#### Source material
▶

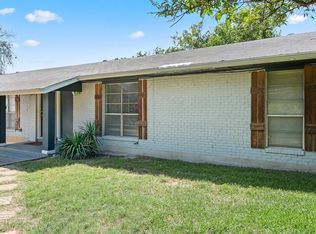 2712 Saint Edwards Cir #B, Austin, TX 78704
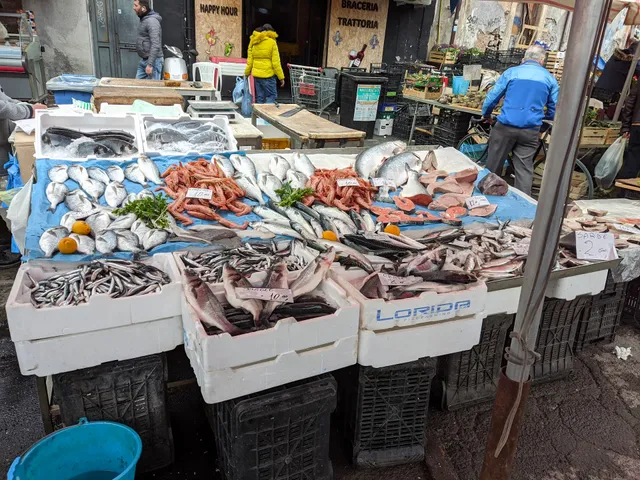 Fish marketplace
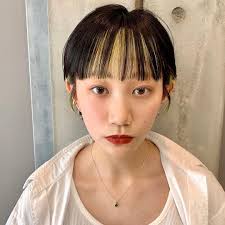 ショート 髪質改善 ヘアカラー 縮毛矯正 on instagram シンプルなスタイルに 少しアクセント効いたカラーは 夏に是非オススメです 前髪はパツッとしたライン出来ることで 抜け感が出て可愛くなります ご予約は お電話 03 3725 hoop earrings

◀

#### What the task asks
Retype, word for word, only the line holding "Fish marketplace" and the lines after it through the final line of the listing above, and leave every picture out.

#### Answer to the problem
 Fish marketplace
 ショート 髪質改善 ヘアカラー 縮毛矯正 on instagram シンプルなスタイルに 少しアクセント効いたカラーは 夏に是非オススメです 前髪はパツッとしたライン出来ることで 抜け感が出て可愛くなります ご予約は お電話 03 3725 hoop earrings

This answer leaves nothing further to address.